Antes de 1989, Marin teve cargos de presidente da Federação Paulista de Futebol no futebol. Mais importante do que isso, foi vice-governador e governador de São Paulo entre 1979 e 1982, durante o período da ditadura, em chapa com Paulo Maluf. No período, ele foi citado em casos de desvios de dinheiro público, sendo acusado dentro de uma CPI em São Paulo. Nunca foi condenado.
O UOL Esporte tentou contato com os advogados de José Maria Marin. O PTB, partido em que o ex-mandatário da CBF é vice-presidente, confirmou a contratação de dois profissionais para auxiliar na defesa do cartola, mas não informou sequer os nomes deles. O escritório Franco Montoro e Peixoto trabalha para o dirigente, e uma das secretárias foi informada sobre a reportagem. No entanto, não houve retorno até o fechamento do texto.
Confisco
Como Marin é acusado nos Estados Unidos de crimes de fraude e corrupção, a Justiça norte-americana pode confiscar o apartamento caso a posse seja confirmada. Em sua denúncia, o Departamento de Justiça dos EUA demonstrou em vários momentos saber que Marin tem residência em Nova York, mas o imóvel não foi listado como propriedade dele.

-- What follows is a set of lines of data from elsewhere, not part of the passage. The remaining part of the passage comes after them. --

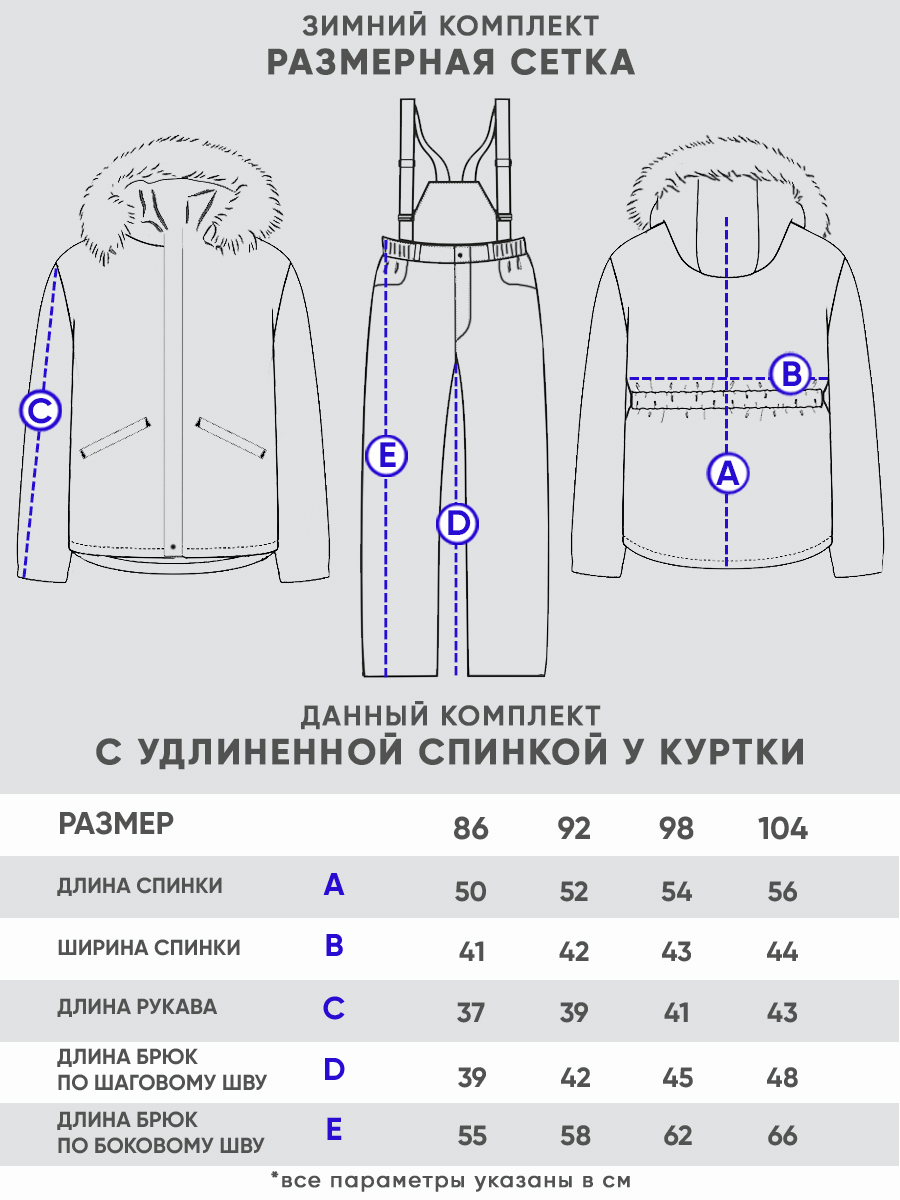 Куртка и полукомбинезон Lapland КМ17-9Островки/Синий - фото 6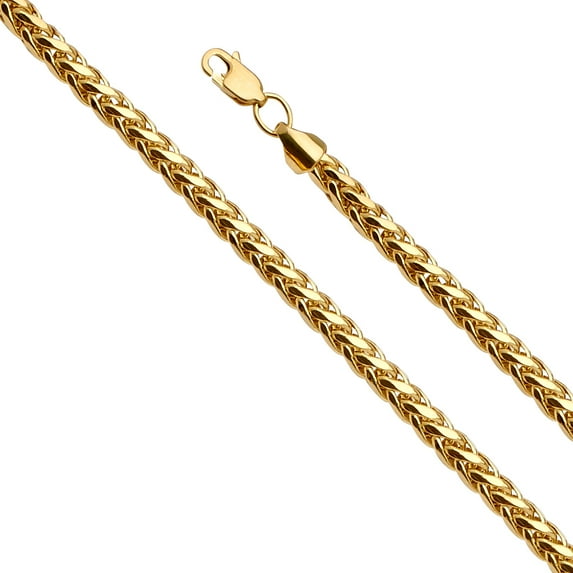 AA Jewels 14k Yellow Gold 4.1MM Hollow Diamond-Cut Hollow Wheat Chain Necklace With - 22 Inches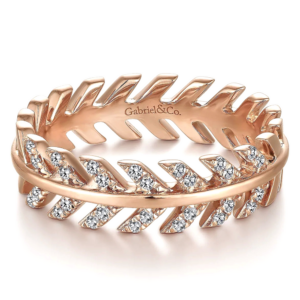 14K Gold Diamond Accented Chevron Stackable Band
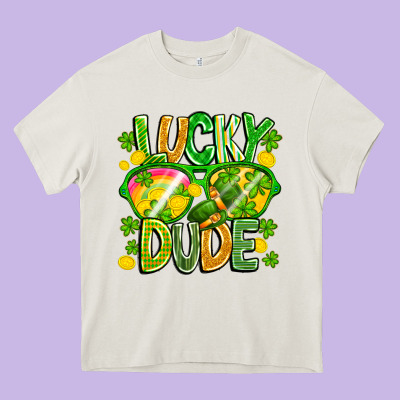 Lucky Dude Heavy Core Tee Designed By Cowhidedigitalart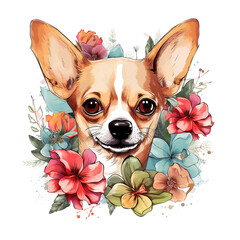 Chihuahua dog head and beautiful tropical flowers on white background. Mammals. Pet. Animals. Illustration, Generative AI.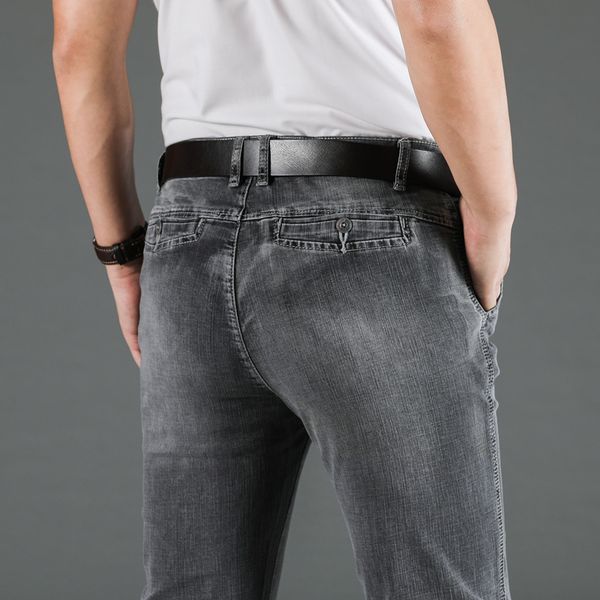 

men's jeans 2021 autumn classic style smoky gray business casual elasticity regular fit jean pants men brand trousers, Blue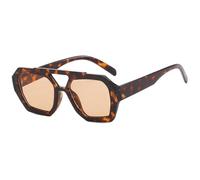 TYUVIVO Vintage Quadratische Sonnenbrille für Frauen Männer Dicker Rahmen Doppelstege Brillen Damenmode Schicke Polygon-Sonnenbrille Leopardenblau, Leopardentee, Einheitsgröße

O Departamento de Justiça informou que tentará tomar quaisquer bens que sejam necessários para ressarcir lesados no caso de quem se beneficiou de propinas na investigação do FBI. Réu confesso, José Hawilla já se comprometeu a pagar quase R$ 500 milhões em ressarcimento. Outros acusados já tiveram suas propriedades nos EUA listadas no processo.
No Brasil, Marin deveria ter declarado o apartamento ao Banco Central e à Receita. Bens não listados são passíveis de multa e até R$ 250 mil, e o proprietário ainda pode responder por evasão de divisas se não explicar como o dinheiro foi parar fora do país.